# Rabbit population question



## downrange (Dec 25, 2010)

I never see rabbits anymore. My old honey holes from 10-15yrs ago no longer have rabbits. New spots ive tried are even worse. I dont use dogs, im lucky to get 1 or 2 a year. I usually dont even jump a single one when i go out. Its def not an over-hunting issue, i usually only go a couple times a year in each spot.
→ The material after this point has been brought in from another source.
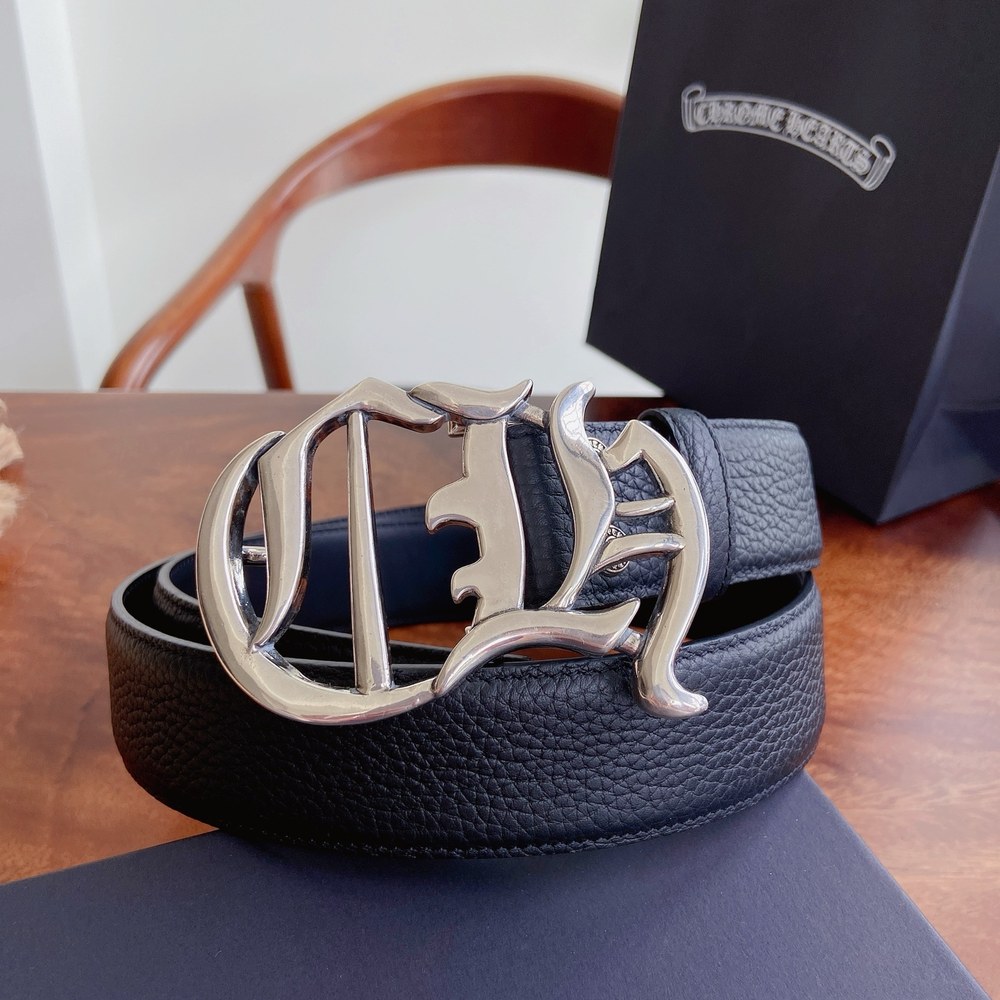 Chrome Hearts Belts(AAAAA)-021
I like to blame coyotes. (In fact, im now addicted to coyote hunting because of this!!) 
So my question is this: Is everybody else seeing the same decline in population??


Sometimes life is greasy.


----------



## dead short (Sep 15, 2009)

Lots of rabbits where I'm at. 

Posted from my iPhone.


----------



## plugger (Aug 8, 2001)

downrange said:


> I never see rabbits anymore. My old honey holes from 10-15yrs ago no longer have rabbits. New spots ive tried are even worse. I dont use dogs, im lucky to get 1 or 2 a year. I usually dont even jump a single one when i go out. Its def not an over-hunting issue, i usually only go a couple times a year in each spot. I like to blame coyotes. (In fact, im now addicted to coyote hunting because of this!!)
> So my question is this: Is everybody else seeing the same decline in population??
> 
> 
> Sometimes life is greasy.


 Where I live a huge drop in numbers.


----------



## Patman75 (Jan 11, 2012)

Plenty around my house. Habitat can change a lot in 10-15 years.


----------



## downrange (Dec 25, 2010)

Patman75 said:


> Plenty around my house. Habitat can change a lot in 10-15 years.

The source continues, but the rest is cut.